Is Web Scraping Legally Allowed?

Web scraping is a little grey area. Web scraping is not legally allowed on most websites. You have to check the website owner or the policies of the website.  

So, make sure you are completely aware of what you are doing, and do web scraping only on legally allowed websites. You could scrap your own website for sure. But you can’t scrap or crawl someone else’s website, without obtaining their permission.

Why Use Python For Web Scraping?

Python 3 is the best programming language to do web scraping. Python is so fast and easy to do web scraping. Also, most of the tools of web scraping that are present in the Kali-Linux are being designed in Python.  

Enough of the theories, let’s start scraping the web using the beautiful soup library.

Web Scraping using Python’s Beautiful Soup 

The first thing you want to do when you are going to do web scraping is to go to the website that you want to scrap and analyze it. Web scraping is all about how you understand the website, its data structures, how things are looking, etc.  
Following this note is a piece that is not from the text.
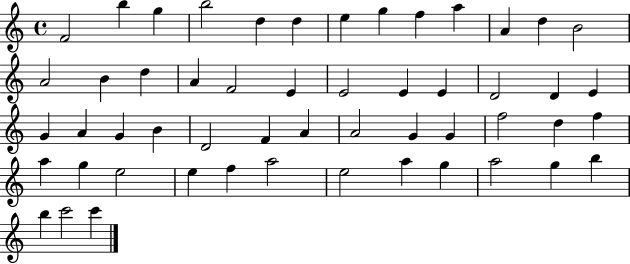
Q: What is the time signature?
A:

The next thing you need to do is to get all the necessary tools and packages. I’m using Python IDLE to do the scraping. So you should have that ready in your system.  
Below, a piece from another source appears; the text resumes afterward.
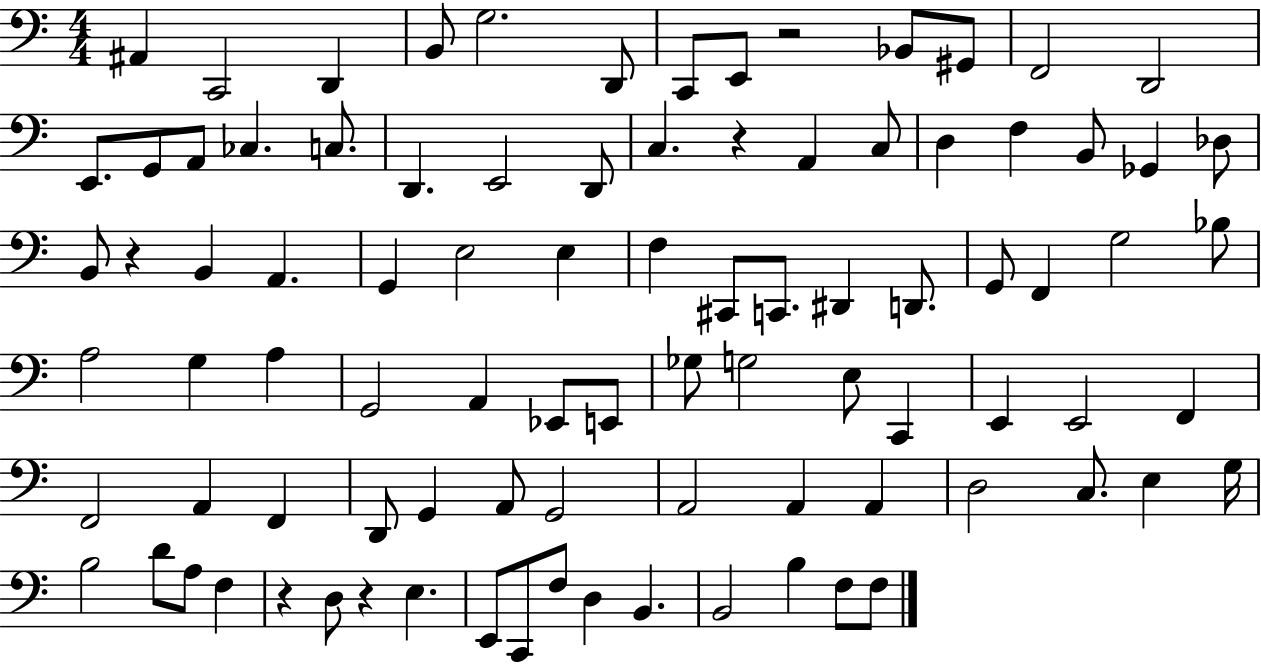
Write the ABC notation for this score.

You can also write code in your shell as well if needed. After that, we need to install the necessary packages.    We need packages like ‘bs4’ which is the beautiful soup, ‘requests’ and ‘lxml’ to proceed.  

So go to your command line (CMD) and install them one by one, if you don’t have them already. If you are on a MAC/Linux, use pip3 instead of pip in the following commands.  

pip install bs4
web scraping in python
pip install lxml

Generally, ‘requests’  already come up with Python. If you don’t have that in your system, install that too. 

pip install requests

Now, all your packages are ready. Go to your Python IDLE or Python Shell and let’s write some code.

First of all, we need to import all three packages. So, let’s do that.

import requests
import bs4
import lxml

Next, you have to make a request to the website that you want to scrap. Let’s create a variable ‘res’ to make a request.

res = requests.get('https://mywebsite.com')

You can type in your URL instead of mywebsite.com which I randomly typed for an example.

This ‘res’  variable is now storing the entire web page data. If you just type in ‘res.text’ and hit enter, you can see all the details that this variable is storing.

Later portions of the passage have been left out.